Ama içinizde, milletin parası ile sahip olduğu
konforunu sürdürmek üzere, millete parmak sallayabilen, milletin karşısına
geçip, milleti bölmek istediğini söyleyebilen ve milletin ise tepki verme
mecalinin kalmadığına inanan aklı evveller, yiyeceği darbeyi tadınca, durum hiç
te öyle olmadığını öğreneceklerdir. Ne var ki, çok zaman kaybetmiş olacağız.
Din
adına milleti bölüyorlar, etnik olarak bölüyorlar, ideolojik olarak bölmeye
çalışıyorlar, son merhalede, milliyet duygusunu sahiplenen güruhta, bu
senfonide yer aldı. Ancak bu milleti bölemeyeceklerdir. Zira her şey çok açık
bir şekilde anlaşılmaktadır.
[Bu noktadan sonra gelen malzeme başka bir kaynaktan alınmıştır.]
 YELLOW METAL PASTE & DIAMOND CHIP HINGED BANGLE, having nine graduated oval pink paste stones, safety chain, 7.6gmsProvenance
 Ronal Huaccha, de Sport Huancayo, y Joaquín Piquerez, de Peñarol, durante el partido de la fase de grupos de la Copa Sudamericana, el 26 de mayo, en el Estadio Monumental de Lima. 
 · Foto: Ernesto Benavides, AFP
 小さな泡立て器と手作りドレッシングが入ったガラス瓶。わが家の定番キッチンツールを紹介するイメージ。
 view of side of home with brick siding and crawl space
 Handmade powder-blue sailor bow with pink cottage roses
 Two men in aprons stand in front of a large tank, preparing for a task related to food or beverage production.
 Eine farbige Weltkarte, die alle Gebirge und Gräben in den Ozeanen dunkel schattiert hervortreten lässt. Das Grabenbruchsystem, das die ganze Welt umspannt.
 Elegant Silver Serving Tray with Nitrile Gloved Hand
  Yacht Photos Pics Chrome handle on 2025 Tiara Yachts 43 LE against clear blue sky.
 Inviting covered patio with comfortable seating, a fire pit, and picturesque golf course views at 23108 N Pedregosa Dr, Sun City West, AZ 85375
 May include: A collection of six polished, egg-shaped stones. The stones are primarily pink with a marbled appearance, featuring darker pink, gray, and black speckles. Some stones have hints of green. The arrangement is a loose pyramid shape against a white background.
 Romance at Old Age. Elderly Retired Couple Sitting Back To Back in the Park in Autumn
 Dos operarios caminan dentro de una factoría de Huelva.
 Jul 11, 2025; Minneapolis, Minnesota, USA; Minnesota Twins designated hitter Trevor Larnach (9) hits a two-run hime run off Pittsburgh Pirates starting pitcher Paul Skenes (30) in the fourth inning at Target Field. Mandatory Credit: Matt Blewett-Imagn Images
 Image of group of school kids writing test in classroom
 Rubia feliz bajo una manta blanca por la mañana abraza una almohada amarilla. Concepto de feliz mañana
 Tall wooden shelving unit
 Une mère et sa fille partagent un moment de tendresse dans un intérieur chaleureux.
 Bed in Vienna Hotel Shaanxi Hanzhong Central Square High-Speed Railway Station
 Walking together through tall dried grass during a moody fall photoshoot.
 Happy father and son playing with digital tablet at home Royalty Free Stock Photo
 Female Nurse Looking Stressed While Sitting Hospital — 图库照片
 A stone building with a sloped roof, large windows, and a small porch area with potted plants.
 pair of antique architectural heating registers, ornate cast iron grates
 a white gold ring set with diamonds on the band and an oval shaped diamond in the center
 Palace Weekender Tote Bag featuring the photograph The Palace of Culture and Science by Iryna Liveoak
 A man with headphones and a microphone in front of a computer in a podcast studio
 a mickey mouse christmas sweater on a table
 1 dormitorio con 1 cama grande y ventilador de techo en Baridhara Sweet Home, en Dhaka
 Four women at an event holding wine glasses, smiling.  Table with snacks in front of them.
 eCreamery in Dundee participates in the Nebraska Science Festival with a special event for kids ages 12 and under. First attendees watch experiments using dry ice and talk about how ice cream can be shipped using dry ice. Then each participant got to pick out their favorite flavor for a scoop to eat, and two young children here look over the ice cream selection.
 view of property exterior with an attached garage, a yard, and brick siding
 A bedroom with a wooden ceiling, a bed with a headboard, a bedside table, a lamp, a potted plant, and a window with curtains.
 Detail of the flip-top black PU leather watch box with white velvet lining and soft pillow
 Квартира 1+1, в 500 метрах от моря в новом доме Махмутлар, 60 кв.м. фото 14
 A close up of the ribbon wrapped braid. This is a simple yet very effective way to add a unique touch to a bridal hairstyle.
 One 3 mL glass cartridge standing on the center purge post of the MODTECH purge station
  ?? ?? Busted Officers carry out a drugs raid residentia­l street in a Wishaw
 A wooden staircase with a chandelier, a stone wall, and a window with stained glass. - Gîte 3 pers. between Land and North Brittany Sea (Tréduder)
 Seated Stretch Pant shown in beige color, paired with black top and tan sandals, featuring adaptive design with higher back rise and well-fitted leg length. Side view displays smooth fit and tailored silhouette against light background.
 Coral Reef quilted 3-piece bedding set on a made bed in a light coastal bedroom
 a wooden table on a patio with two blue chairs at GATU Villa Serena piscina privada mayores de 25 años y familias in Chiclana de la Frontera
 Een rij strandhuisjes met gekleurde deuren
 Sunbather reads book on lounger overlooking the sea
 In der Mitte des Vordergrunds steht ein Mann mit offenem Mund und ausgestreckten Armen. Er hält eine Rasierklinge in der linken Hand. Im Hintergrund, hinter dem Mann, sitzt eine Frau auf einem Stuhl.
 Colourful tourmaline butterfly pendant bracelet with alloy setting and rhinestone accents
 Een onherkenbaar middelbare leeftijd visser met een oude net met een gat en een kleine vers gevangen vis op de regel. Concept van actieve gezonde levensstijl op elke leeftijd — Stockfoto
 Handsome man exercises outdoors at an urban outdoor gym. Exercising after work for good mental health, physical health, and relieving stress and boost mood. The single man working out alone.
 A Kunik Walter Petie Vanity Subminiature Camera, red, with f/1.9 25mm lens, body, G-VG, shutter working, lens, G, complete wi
Kölesi olduğunuz efendilerinizi de, onların gaye
ve stratejilerini de biliyoruz.
Gelin
yol yakınken hakikatleri açıklayın ve deyin ki; “savaş kapımızda, uyguladığımız
ekonomik ve sosyal politikalar, savaşa hazırlık politikalarıdır. Birliğe ve
dirliğe ihtiyacımız vardır. Kamuoyuna deklere edemediğimiz “devlet sırrı” niteliğinde konuların zamanı
gelince açıklanabileceğinin gerekli olduğunu izah edin.”
Sınırlarımızın
ötesinde medya kuruluşlarının gündemine düştüğüne göre, meclis oturumuna
katılanlardan birileri “sızdırdığı” haberlerle efendilerinin gözüne girmeye
çalışırken, milleti bilgilendirmeyen sizlerin, nasıl bir oyun içinde olduğunuzu
anlamanız gerekmez mi?
Devlet,
milletin ihtiyaçlarını karşılamak üzere belirlenen esaslara uygun çalışmalar ve
planlamalar yapan hukuki yapılanmanın adıdır. Eğer hukuksuzluk üzerine inşa
etmeyi düşündüğünüz bir devlet örgüsü var ise, bu işin altında kalırsınız. Bir
“molla kasım” gelir ve düzeltir her şeyi…
Gelişmeler
göstermektedir ki; Türk devleti, içte ve dışta korkunç bir tehdit
sarmalındadır. İhanet şebekeleri ile ittifak eder duruma gelinmiş ise, “denize
düşen yılana sarılır” kabilinden hareket etmektedir. Oysa yılan, fıtratının
gereği olarak sokabileceği de, bir hakikattir.
Milli
bir mutabakatın, ancak millet ile yapılabileceği bir noktadayız. Buna rağmen
milleti dışlayarak yapabileceğiniz bir mutabakat, olsa olsa, düşmanın
hazırladığı tezgâhta av olmaktan başka bir şey değildir.
Narko-terör,
etno- terör, siyasal islam ile soslandırılmış- terör unsurlarının
meşrulaştırılarak meclise girmesi, milletimiz lehine kararın çıkmayacağını
akıllı her insan bilebilmektedir. Hele de, Katolik üniversiteden unvan almış bir
meclis başkanının başkanlık ettiği bir komisyondan, bu millete fayda
sağlanmayacağı aşikârdır. Millet ve milliyet karşıtlığı ile bilinen
temsilcilerden kurulun oluşturulması, milletin yeni bir “kurtuluş mücadelesine”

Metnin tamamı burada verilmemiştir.